Kenny's message had the opposite effect on me and I felt a mixture of shame, fear, and unfortunately lust. I hated to admit it but part of me was sexually thrilled at the idea of letting Kenny have his way with me again. I think that years of holding back my sexuality was causing my lust to overflow like a water from a dam that just burst. It was weird but me suddenly acting on some of my urges was causing me to see my relationship with Stan differently. Originally I had a typical romantic interest with Stan, but now that I had some sexual experiences with someone, albeit someone I sort of despised, I was beginning to realise how stupid I was to just wait for Stan to suddenly develop a gay side. I did not want to spend thanksgiving with Kenny out of fear of furthering my embarrassment. I had already behaved like a slut for Kenny's enjoyment and I think I needed to put a stop to that. I know Kenny will probably blackmail me, but maybe I could just try to ignore him and not respond to him till he forgets about me and goes back to fucking trashy girls. Honestly, though I was unsure of how I was gonna deal with Kenny.

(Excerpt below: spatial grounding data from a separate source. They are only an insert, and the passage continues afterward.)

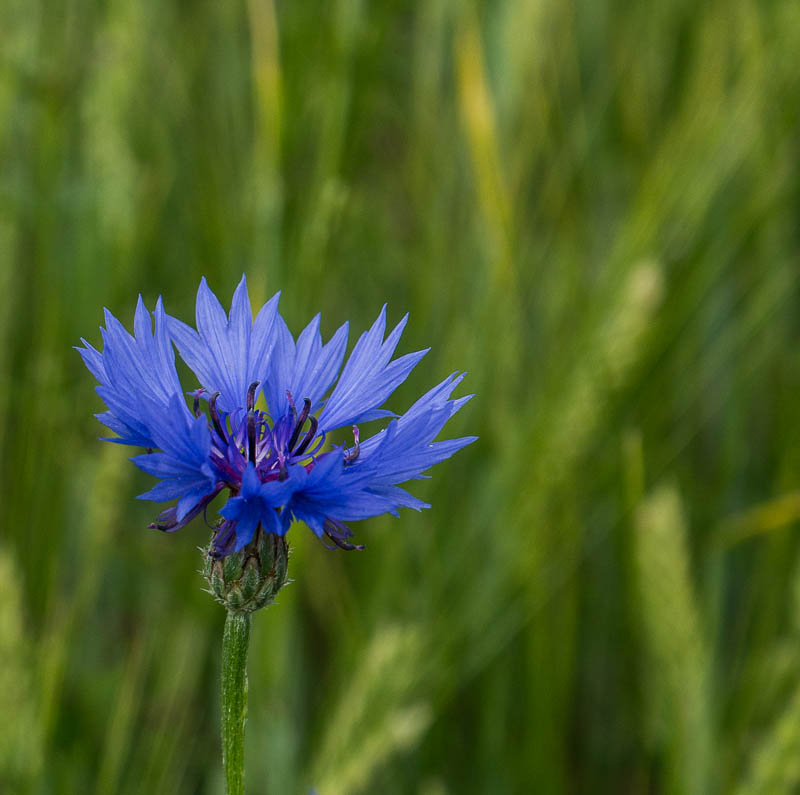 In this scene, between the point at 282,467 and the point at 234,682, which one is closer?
the point at 234,682

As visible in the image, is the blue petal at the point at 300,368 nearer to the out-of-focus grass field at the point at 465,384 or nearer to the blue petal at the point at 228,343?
the blue petal at the point at 228,343

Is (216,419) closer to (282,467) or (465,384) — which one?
(282,467)

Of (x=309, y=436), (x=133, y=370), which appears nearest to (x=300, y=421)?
(x=309, y=436)

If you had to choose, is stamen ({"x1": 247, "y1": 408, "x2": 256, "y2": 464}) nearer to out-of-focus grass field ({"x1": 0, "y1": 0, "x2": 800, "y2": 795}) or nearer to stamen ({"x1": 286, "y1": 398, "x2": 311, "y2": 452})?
stamen ({"x1": 286, "y1": 398, "x2": 311, "y2": 452})

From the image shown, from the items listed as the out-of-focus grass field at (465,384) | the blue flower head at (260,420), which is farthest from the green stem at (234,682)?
the out-of-focus grass field at (465,384)

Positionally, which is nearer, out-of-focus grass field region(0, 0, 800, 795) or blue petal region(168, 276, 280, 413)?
blue petal region(168, 276, 280, 413)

I then realized I had basically four options for what to do after I was done with the thanksgiving event tomorrow. I could do what would be best for my future and help Wendy pick up after the event. I could spend another day hoping Stan will suddenly develop romantic feelings for me, or maybe it would just be spending time with someone who I considered to be my best friend. I could also go to that party that Clyde had invited me to, although I was unsure of what his feelings were for me I could at least give a relationship that was not tainted by hatred or friendship a chance. Then the option that I was almost sure I was going to be coerced into one way or the other. Which was going to Kenny's house after the event. I may be a cock whore like Kenny described but I think I needed to at least restore some of my dignity. Would ditching Kenny tomorrow do that or would it only push Kenny to ruin my life. Which would fuck up my chances with pretty much everything in life. I guess I would have to wait to see what happens Thanksgiving.